Skip to content
erikjohnson24 edited this page Apr 18, 2019 · 1 revision

Frequently asked questions

  • How do parallel jobs work?

    There are actually two ways that parallel jobs can function in SABER.

    1. Parameter sweeps: When a job parameter is swept using a sweep file, essentially it creates multiple workflows that all run in parallel with different combinations of the parameters. This means that their processes are completely independent, and steps only depend on previous steps in the sub-workflow.
    2. Parallel steps in a workflow: If two or more steps depend on the same step, but do not depend on each other, they will be run in parallel.

    These two methods of parallelization can both be combined.

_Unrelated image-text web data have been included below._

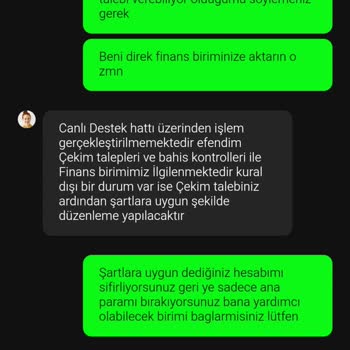Kazancım Haksız Şekilde Sıfırlandı, Hesabımda Mağduriyet Yaşadım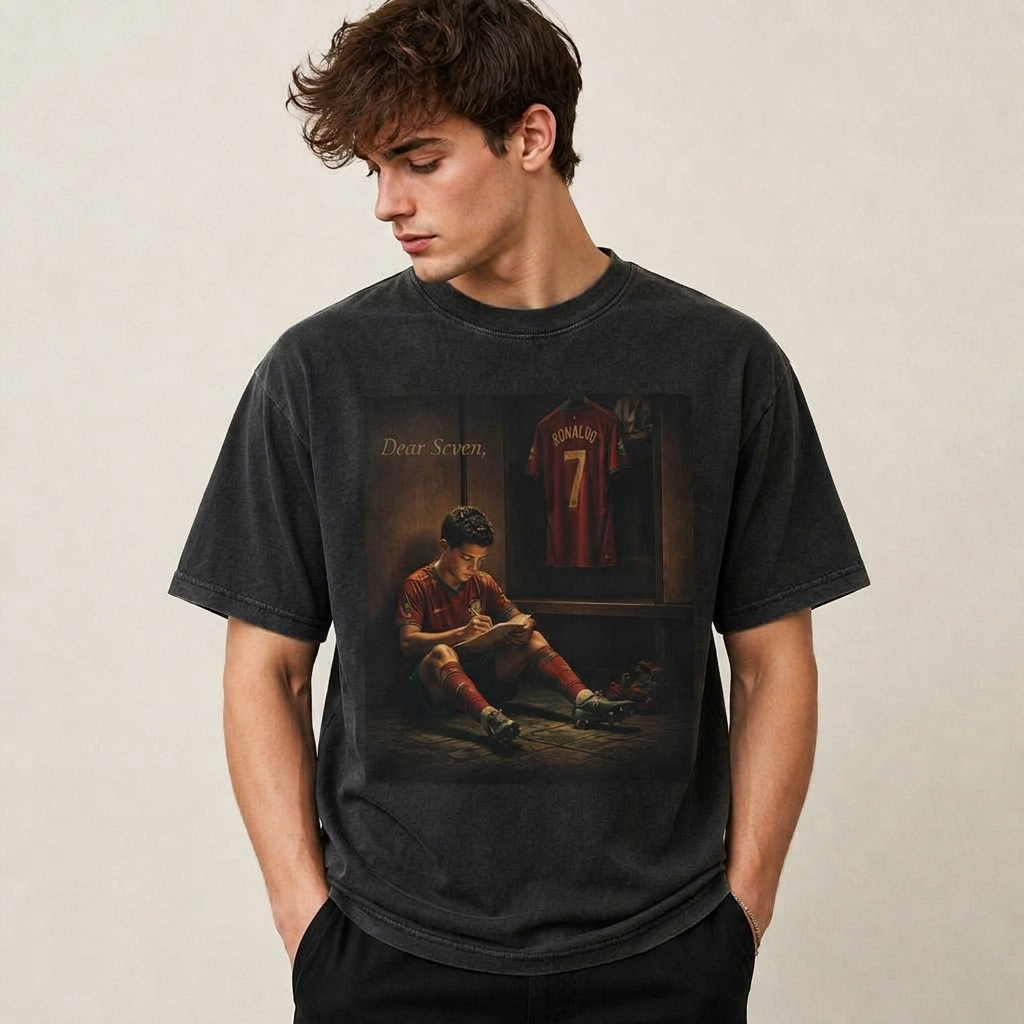 Cristiano Ronaldo Unisex T-Shirt – Limited-Time Offer – Hot Seller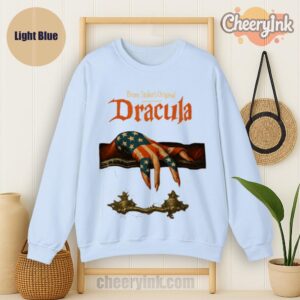 Sweatshirt Halloween Dracula Light
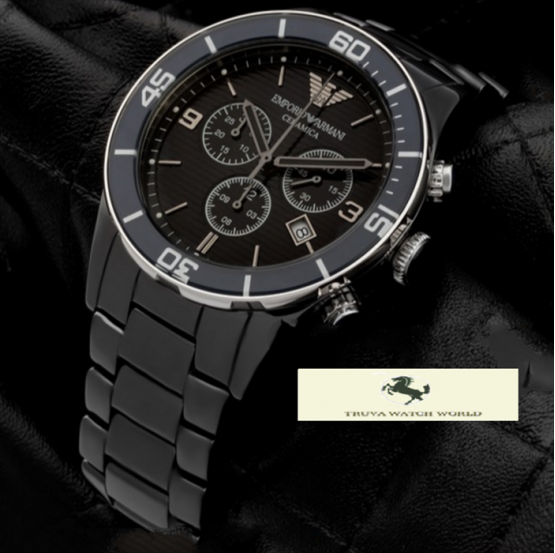 HK1331 EMPORİO ARMANİ AR1429 CERAMİCA ERKEK SAATİ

For example, if you have a workflow that is defined as

           / --> s2 -- \ 
    s1(t) --              --> s4
           \ --> s3 -- /
    

    Where s1(t) depends on parameter t. If you sweep over t such that it produces two iterations (say t=True, t=False), then it will produce a DAG similar to

               / --> s2 -- \ 
    s1(True) --              --> s4
               \ --> s3 -- /
               / --> s2' -- \ 
    s1'(False) --             --> s4'
               \ --> s3' -- /
    

    (s1, s2) and (s2, s3) will run in parallel. (s2', s3') will only run when s1' completes and so on.

    Parallel jobs in AWS are managed by the compute environment choice for AWS batch. In SABER's default configuration, where the compute environemnt is managed, as many jobs as possible will be run in parallel that fit within the limits that were placed on the compute environment. Each job spawns a seperate EC2 instance running the job, where the instance type (and cost) are based on the ResourceRequirement specified in the job cwl.

    If you wish to put limits on the instances launched, you can do so when creating your compute environment. See here.

  • Can I launch a job from the AWS console?

    Yes, as long as the job definition has already been generated and the containers pushed (i.e you ran the cwl-to-dag script on the job and workflow cwl's). If you navigate to the AWS Batch console and go to the job definitions page, you can select a job definition and launch the job from there. You will have to specify the individual parameters.

    However, if you have already launched a similar job and you can find it in any of the status tabs under the Jobs tab on the left of the console, you can click on the job and click Clone job, which will give you the option to change individual parameters.

    Note: If you do not change any of the _saber_ parameters, the files in S3 will be overwritten. Specifically, you should change the _saber_home or _saber_stepname, which specify where in the S3 the files are stored. See the S3 page for details.